Several issues with floor mats becoming stuck under the accelerator pedal have left Toyota open to possible class action and individual lawsuits. It is claimed that Toyota knew that there was a problem with the mats more than two years ago.
In a New York Times article dated October 1, 2009, a National Highway Traffic Safety Administration investigation was identified as early as 2007, due to reports that 2007 Lexus ES 350 owners were experiencing problems with unexplained, sudden acceleration.

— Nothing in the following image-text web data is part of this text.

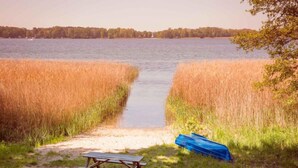 A lakeside picnic area with a bench and a covered picnic table. - Gemütlicher Bungalow in Storkow am See (Storkow)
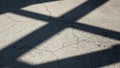 Cracked concrete surface with shadows forming geometric patterns Royalty Free Stock Photo
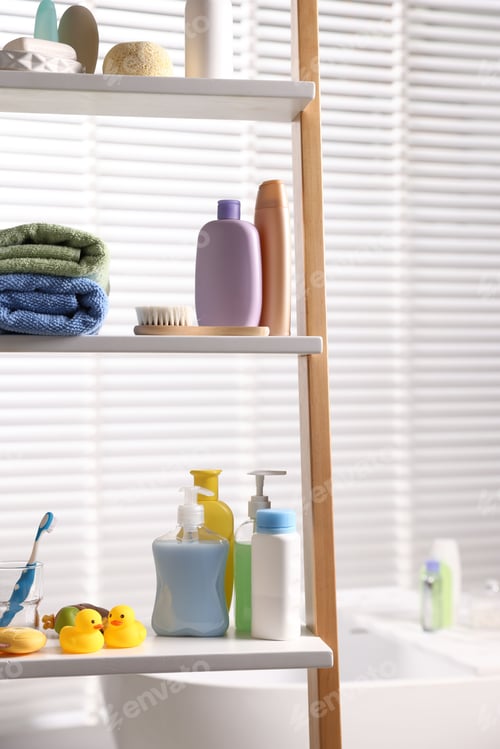 Preview: Baby bath accessories and care products on rack in bathroom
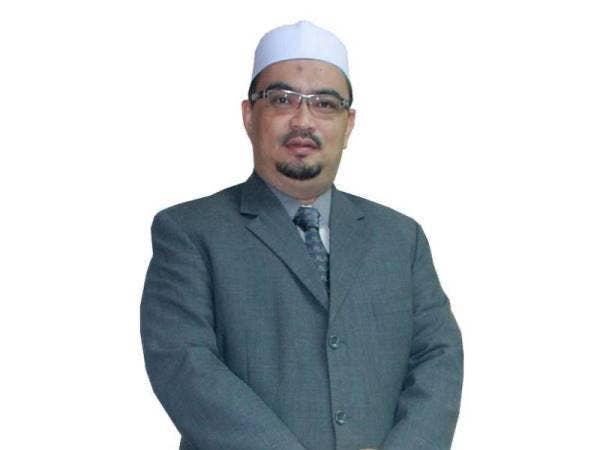  Dr Mohamed Fadzli Datuk Hassan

In 2007, Troy Johnson was killed when his car was rear-ended by a Toyota Camry when the owner lost control of the car. Court reports show the Camry was traveling at nearly 125 miles an hour when it hit the Honda. Johnson’s wife successfully sued Toyota, wining an undisclosed amount of damages. The crux of the case involved the liability of Toyota and the clearing of the driver, who survived the crash, from any personal liability.
Since this time, Johnson’s wife has repeatedly urged Toyota to act to prevent further deaths from this defect, and, to date, Toyota has declined to comment on the case. Much has been heard in the press about this issue with customers who have experienced the issue becoming increasingly vocal in an effort to prevent more deaths from the problem.
The investigation into cases involving the floor mats is still open and those involved in Toyota floor mat-related accidents are hopeful that upcoming results will bring about closure.
Chris Chan Park and his friend, Seong Bae Choi, two San Francisco residents, are seeking class action status for their suit against Toyota for lack of proper action on vehicles made since 2001 with defects leading to uncontrollable acceleration. The pair claims that between their two Toyotas, a 2004 Camry and a 2008 FJ Cruiser, they have experienced many incidents of the accelerator pedal glitch, causing them great concern. The results may set legal precedents to be applied to other cases not yet tried in court.
Approximately 2,000 incidents involving issues with increased acceleration due to floor mats in Toyota vehicles have been reported. Another issue under examination during these cases is a possible programming glitch that causes accelerators to malfunction. Speculation in the press indicates Toyota may receive official criticism about the way they handled early reports of problems.
At least 300 cases regarding new evidence relating to extreme amounts of unexplained acceleration in Toyota cars have been reopened. There is a possibility evidence may have been destroyed by Toyota staff, in an attempt to hide facts about car defects and communications issued to dealerships that were concerned following customer reports of strange acceleration problems.
Roughly 3.8 million vehicles are involved in the recall of Toyota cars. These vehicles will all be checked for floor mat defects, though it is unclear whether other faults, such as throttle design and computer programming glitches will also be repaired, since there is some debate over how much these other problems are to blame for the accidents.
The National Highway Traffic Safety Administration has conducted six different investigations about runaway Toyotas since 2007.
With Toyota’s ex-lawyer suing the company on behalf of plaintiffs who have received injuries or sustained losses from the company’s products, it seems Toyota may be devoting much time and money to litigation and attending court proceedings in the coming years. There is a lot of information in the public domain that suggests any lawsuits joined against the company will meet with some success, since there are already several cases on record where the victims have won compensation. This typically results in the filing of additional lawsuits, once a few ground-breaking cases have proved successful.